Findings from a more recent study on ENSO predictions suggest that additional advances in capabilities are likely with the expected implementation of better physics, numeric and assimilation schemes, finer resolution, and larger ensemble sizes (Barnston et al., 2012). The study evaluated real-time model predictions of ENSO conditions during the 2002-2011 period and compared them with skill levels documented in studies from the 1990s. The skills of 2002-2011 models is slightly better than that of earlier decades, with the recent decade’s dynamical ENSO prediction models outperforming their statistical counterparts to a slight but statistically significant extent. The greater power of dynamical models is largely attributable to the subset of dynamical models with the most advanced, high-resolution, fully coupled ocean-atmosphere prediction systems using sophisticated data assimilation systems and large ensembles (Barnston et al., 2012).
Questions surrounding the impact of the trend toward an increasingly seasonal Arctic sea ice cover could be addressed with the development of a highly coordinated and integrated process-based study, analogous to the Surface Heat Budget of the Arctic Ocean (SHEBA) project, focused on understanding oceanic, atmospheric, and terrestrial contributions to seasonal sea ice predictions.
The fundamental properties of the ice cover are changing as the Arctic transitions toward a seasonally ice-free state, resulting in a significant reduction in the amount of multiyear ice compared with first-year ice. In the face of this significant transition, there is the need to identify and understand whether and how key parameters (i.e., first-order effects) influence predictability. A likely outcome is the need for improved model formulations of the dynamic and thermodynamic processes governing the behavior of a sea ice cover composed of largely first-year ice.

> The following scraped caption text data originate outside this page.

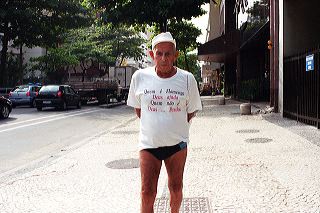 Older brazilian man in white T-shirt with the inscription "Quem é Flamengo, Deus ajuda. Quem não é - Deus ... Perdoa" in Rio de Janeiro, Brazil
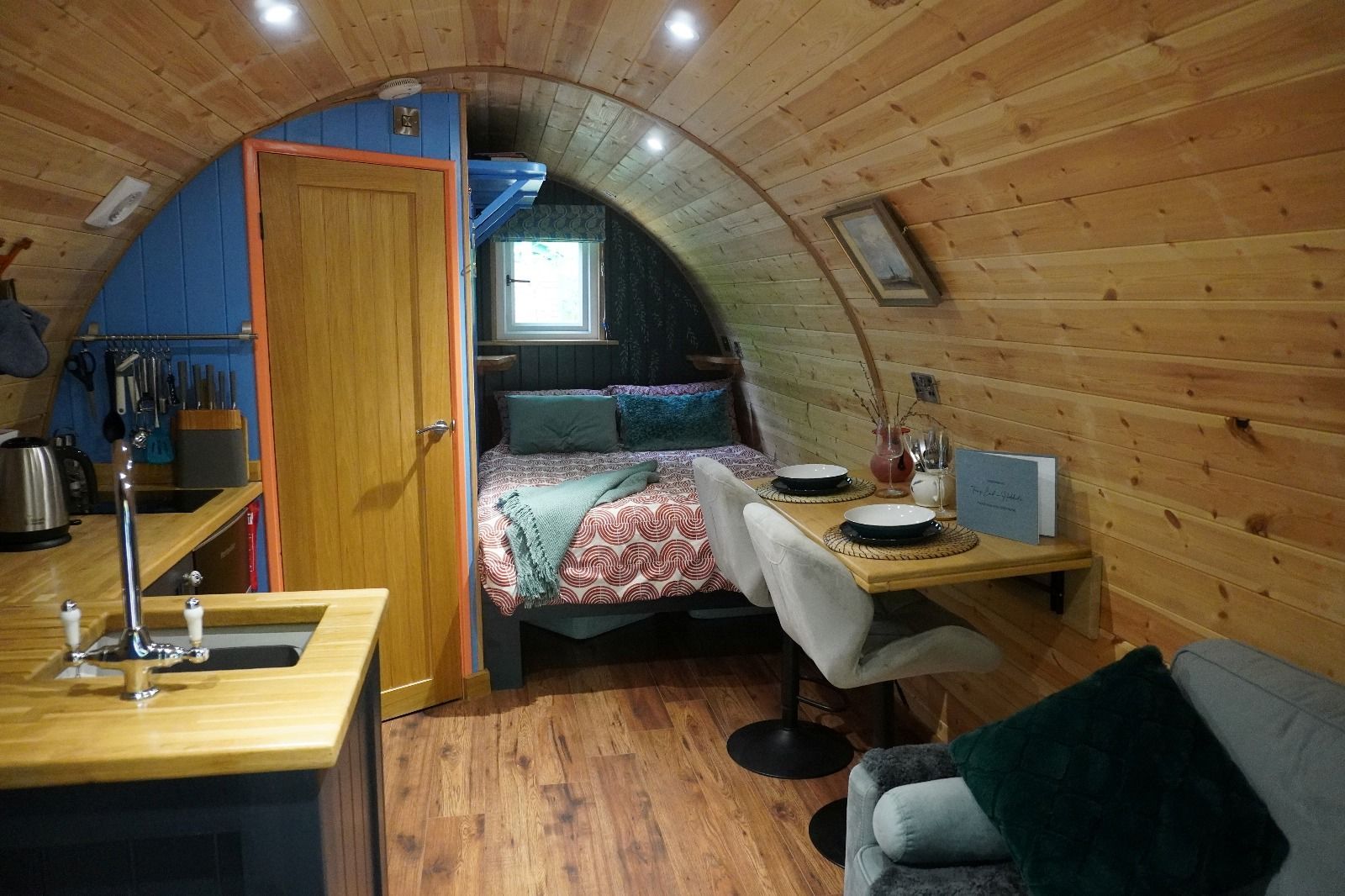 Cozy wood-paneled tiny cabin with a bed, desk, and kitchenette under a curved ceiling.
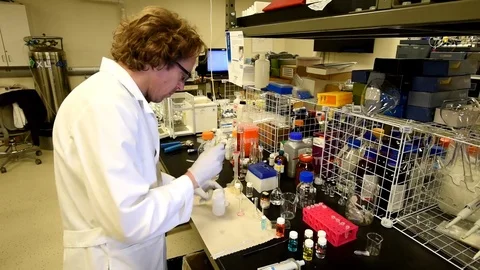 Scientist in chemistry lab adding compound to flask and inspecting contents. Stock-Footage 82841592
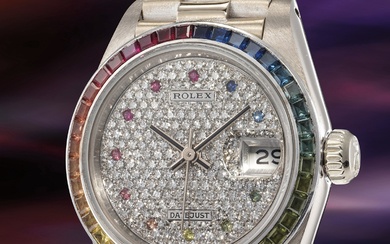 Rolex, Ref. 69119 An extremely rare and attractive white gold and multi-gem set calendar wristwatch with center seconds and bracelet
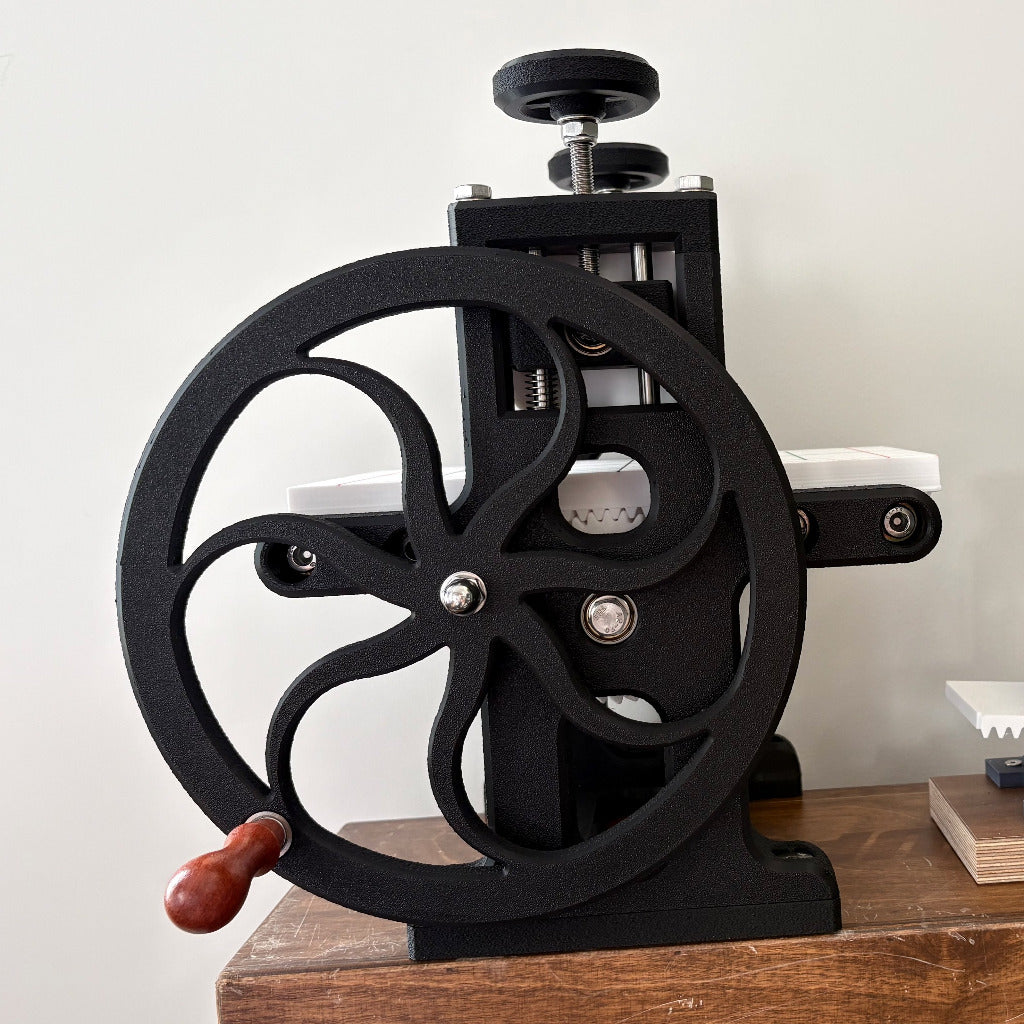 A 3d printed a6 sized etching press on white background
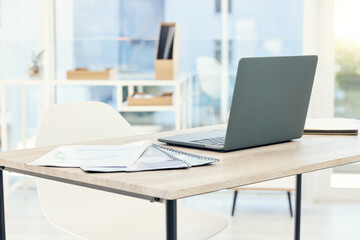 Poster - Laptop, office and finance documents on desk for company budget plan with review for startup business. Computer, research and paperwork with investment, profit or revenue report in empty workplace.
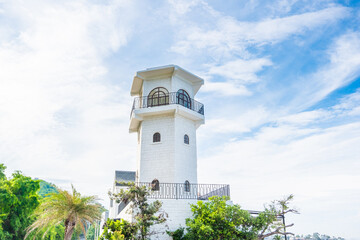 A lighthouse on a rocky shore with water in the background on a sunny day.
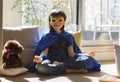 Smiling superhero child with mask enjoying happy yoga, fun meditation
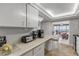 Bright kitchen bar area showcases white cabinets and an opening to a dining/living space with ocean views at 901 S Atlantic Ave # 208, Ormond Beach, FL 32176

Previous work done on the fundamental properties of first-year sea ice (e.g., Weeks and Ackley, 1982; Timco and Weeks, 2010) can inform the design of process studies that will advance our understanding of first-year ice in a predictive context. The challenge lies in developing a thorough understanding of the fundamental properties of first-year sea ice act together on a large, pan-Arctic scale to affect air-ice and ocean-ice heat transfer (ice thermodynamics) and ice pack mobility (ice dynamics, e.g., Melling et al., 2005; Amundrud et al., 2006; Barber et al., 2012). Moreover, as the sea ice cover becomes dominated by the weaker and less stable first-year sea ice, it may be more susceptible to extreme events that could have impacts lasting from seasonal to decadal timescales.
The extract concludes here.